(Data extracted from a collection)

* * *

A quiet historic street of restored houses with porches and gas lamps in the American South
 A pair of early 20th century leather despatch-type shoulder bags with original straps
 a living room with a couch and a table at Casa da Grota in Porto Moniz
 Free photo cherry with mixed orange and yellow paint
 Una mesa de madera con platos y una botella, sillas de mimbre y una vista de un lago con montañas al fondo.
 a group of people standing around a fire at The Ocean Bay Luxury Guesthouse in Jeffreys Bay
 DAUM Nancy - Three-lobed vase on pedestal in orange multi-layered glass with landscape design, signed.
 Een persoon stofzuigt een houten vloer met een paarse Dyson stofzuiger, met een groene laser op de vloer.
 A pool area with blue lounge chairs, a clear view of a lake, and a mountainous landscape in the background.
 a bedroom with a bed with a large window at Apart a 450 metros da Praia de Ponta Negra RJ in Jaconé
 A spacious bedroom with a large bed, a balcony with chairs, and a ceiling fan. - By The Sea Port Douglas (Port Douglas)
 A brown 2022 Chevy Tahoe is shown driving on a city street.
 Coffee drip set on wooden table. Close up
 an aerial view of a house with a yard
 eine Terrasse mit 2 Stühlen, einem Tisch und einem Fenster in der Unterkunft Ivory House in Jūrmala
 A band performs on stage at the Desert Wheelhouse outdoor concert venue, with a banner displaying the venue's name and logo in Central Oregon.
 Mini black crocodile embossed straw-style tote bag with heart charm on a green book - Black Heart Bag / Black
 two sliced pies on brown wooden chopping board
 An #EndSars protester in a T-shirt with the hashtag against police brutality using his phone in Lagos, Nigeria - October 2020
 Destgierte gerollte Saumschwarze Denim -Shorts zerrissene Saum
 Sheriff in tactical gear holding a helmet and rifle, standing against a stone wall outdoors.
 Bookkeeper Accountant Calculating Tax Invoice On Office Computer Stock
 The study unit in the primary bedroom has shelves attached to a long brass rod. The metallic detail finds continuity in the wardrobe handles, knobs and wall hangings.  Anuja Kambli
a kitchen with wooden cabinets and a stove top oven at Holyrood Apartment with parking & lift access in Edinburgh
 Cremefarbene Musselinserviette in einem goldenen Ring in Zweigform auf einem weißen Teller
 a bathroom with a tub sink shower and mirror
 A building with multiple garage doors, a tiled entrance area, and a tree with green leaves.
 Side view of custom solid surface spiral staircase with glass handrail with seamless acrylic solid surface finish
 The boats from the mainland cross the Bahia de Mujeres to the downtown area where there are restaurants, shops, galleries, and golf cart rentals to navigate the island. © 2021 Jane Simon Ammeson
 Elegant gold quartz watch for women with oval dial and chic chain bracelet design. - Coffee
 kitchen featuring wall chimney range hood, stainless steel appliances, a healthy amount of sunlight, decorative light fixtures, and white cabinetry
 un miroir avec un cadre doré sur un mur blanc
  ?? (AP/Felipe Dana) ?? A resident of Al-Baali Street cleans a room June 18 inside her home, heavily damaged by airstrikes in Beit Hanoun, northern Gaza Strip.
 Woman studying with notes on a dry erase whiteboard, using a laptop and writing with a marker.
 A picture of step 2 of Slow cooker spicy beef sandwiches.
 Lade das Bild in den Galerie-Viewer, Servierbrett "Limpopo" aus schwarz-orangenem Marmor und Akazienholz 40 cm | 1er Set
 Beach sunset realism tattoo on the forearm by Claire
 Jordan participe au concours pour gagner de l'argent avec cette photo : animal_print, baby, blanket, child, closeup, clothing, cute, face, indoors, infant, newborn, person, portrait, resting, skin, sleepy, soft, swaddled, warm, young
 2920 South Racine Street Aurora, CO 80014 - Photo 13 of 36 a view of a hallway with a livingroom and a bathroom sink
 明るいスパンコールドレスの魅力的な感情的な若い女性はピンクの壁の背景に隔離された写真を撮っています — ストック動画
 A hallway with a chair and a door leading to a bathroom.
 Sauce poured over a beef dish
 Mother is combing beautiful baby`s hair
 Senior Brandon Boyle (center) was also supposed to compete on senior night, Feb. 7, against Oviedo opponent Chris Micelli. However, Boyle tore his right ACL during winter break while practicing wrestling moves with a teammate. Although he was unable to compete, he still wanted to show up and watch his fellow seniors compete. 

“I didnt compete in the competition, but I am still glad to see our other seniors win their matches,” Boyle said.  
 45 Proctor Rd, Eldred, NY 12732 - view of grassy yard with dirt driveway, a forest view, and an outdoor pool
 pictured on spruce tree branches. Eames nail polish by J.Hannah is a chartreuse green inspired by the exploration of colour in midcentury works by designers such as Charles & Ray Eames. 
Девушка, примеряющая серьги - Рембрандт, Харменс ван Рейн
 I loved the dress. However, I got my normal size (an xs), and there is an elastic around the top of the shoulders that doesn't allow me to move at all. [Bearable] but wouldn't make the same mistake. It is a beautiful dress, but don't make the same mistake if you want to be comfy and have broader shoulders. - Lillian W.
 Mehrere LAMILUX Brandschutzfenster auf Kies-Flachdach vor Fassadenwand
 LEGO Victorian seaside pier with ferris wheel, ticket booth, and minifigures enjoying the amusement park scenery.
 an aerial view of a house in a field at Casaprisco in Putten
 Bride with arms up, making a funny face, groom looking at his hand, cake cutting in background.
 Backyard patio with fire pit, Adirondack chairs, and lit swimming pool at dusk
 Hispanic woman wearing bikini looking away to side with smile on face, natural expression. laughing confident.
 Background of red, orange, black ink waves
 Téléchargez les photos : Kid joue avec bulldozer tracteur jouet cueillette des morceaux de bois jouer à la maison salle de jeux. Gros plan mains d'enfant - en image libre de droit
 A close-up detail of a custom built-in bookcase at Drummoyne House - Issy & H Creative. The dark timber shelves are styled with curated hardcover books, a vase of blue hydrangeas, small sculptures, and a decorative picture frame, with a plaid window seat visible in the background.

* * *

EXERCISE ::
I'd like an exact copy of the lines above, from the very first one through the line that contains "a living room", with nothing else added.

SOLVED PROBLEM ::
A quiet historic street of restored houses with porches and gas lamps in the American South
 A pair of early 20th century leather despatch-type shoulder bags with original straps
 a living room with a couch and a table at Casa da Grota in Porto Moniz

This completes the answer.